UK AI chip startup Fractile has raised $220 million in Series B funding, adding fresh capital to its effort to build hardware for one of AI’s biggest emerging bottlenecks: inference.
As AI models take on longer, more complex tasks, the cost and speed of generating outputs are becoming a major constraint. Solving that problem, according to Fractile, will require a complete rethink on the chips that power frontier AI systems.
Table of Contents
- Fractile Targets the Inference Issue
- The Series B Round
- Why Inference Is AI's Growing Problem
- Fractile’s UK Expansion Plans
- Anthropic Reportedly Shows Interest
- Fractile Looks Beyond Today’s GPU Limits
Fractile Targets the Inference Issue
Fractile is developing chips based on in-memory compute, an approach that allows calculations to happen directly inside computer memory. The objective is to reduce the time, energy and cost associated with moving data between memory and processors.
That goal is paramount as inference — the process of running an AI model to generate answers, code, reasoning steps or other outputs — becomes increasingly expensive as models are used for more complex work.
In a blog post announcing the funding, Fractile said some advanced AI workloads already require outputs reaching tens of millions of tokens. At current speeds, the company argued, those workloads can take far too long to be practical at scale.
The Series B Round
The $220 million round was led by Accel, Factorial Funds and Peter Theil's Founders Fund. Other participants included:
- Conviction
- Gigascale
- O1A
- Felicis
- Buckley Ventures
- 8VC
Fractile said the funding will help accelerate its path toward getting its first AI chips and systems into customers’ hands.
The company has also drawn backing from notable technology executives. Former Arm and Acorn Computers executive Stan Boland previously invested in Fractile, along with entrepreneur Hermann Hauser, Wayve co-founder Amar Shah and former Intel CEO Pat Gelsinger.
Why Inference Is AI's Growing Problem
Much of the AI infrastructure conversation has centered on training large models. But as generative AI moves deeper into production, inference is becoming a critical cost center.
Training creates the model. Inference runs it every time a user or system asks it to do something. That makes inference especially important for enterprise AI use cases such as:
- AI coding assistants
- Drug discovery workflows
- Materials research
- Long-context enterprise agents
- Other multi-step AI systems that generate large volumes of output
Existing chip architectures are constrained by memory bandwidth, making it harder to run large AI models quickly and economically. According to Fractile founder and CEO Walter Goodwin, faster inference could help turn workloads that currently take weeks or months into tasks that can be completed in days or hours.
"Faster speed is not just about going from 10 seconds to 100 milliseconds. It is about going from days, weeks, months — down to something that is much, much shorter."
- Walter Goodwin
Founder & CEO, Fractile
Fractile’s UK Expansion Plans
The Series B follows Fractile’s February 2026 announcement that it plans to invest £100 million, or about $135 million, in its UK operations over the next three years.
That expansion includes:
- Growing its existing sites in London and Bristol
- Creating a new hardware engineering facility in Bristol
- Hiring across the UK, the US and Taiwan
Fractile said it is currently recruiting in London, Bristol, San Francisco and Taipei.
Anthropic Reportedly Shows Interest
Fractile’s chips are not yet commercially available, but the company appears to be attracting early customer interest.

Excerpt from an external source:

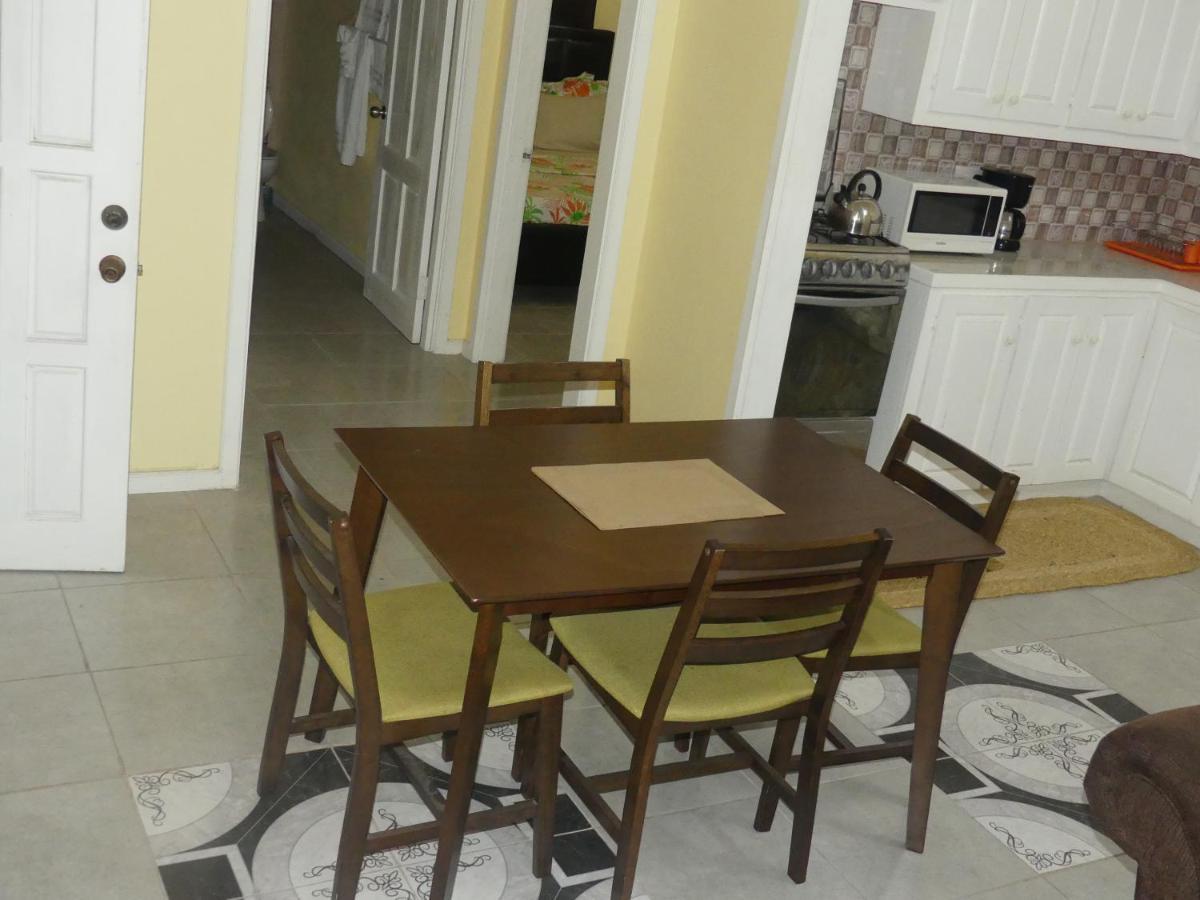 Southern Haven Guesthouse Laborie Εξωτερικό φωτογραφία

Earlier this month, The Information reported that Anthropic held discussions with Fractile about buying its inference chips once the hardware becomes available in 2027.
As frontier AI companies push toward larger models, longer context windows and more agentic workloads, they are also looking for ways to reduce their dependence on expensive, power-hungry infrastructure.

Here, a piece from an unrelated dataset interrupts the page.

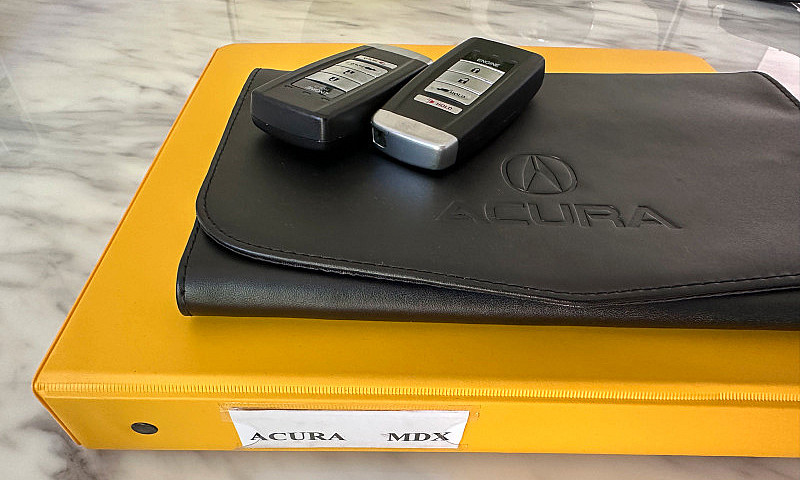 2016 Acura Mdx...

Fractile Looks Beyond Today’s GPU Limits
Fractile was founded in 2022 by Dr. Walter Goodwin, then a PhD student at the University of Oxford’s Robotics Institute.

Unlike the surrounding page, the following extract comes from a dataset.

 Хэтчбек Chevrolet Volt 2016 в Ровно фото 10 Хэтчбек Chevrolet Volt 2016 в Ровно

In the company’s most recent funding announcement, it dubbed itself as a full-stack effort spanning AI research, foundry processes and chip design.
“Since founding, we’ve been working across the full stack, from foundational AI research to foundry process innovation to chip micro-architecture, to aggressively chase the most promising solutions and develop systems that break the trade-off curve, reject the inference pareto frontier of cost-versus-latency, and chart a course to changing what we can do with the world’s best AI models,” company officials wrote.
Nvidia GPUs still dominate the AI hardware market, but startups like Fractile are trying to carve out a role by targeting specific technical limits in today’s infrastructure. The opportunity is clear: if AI’s future depends on running increasingly long and complex workloads, inference hardware could become one of the next major competitive arenas.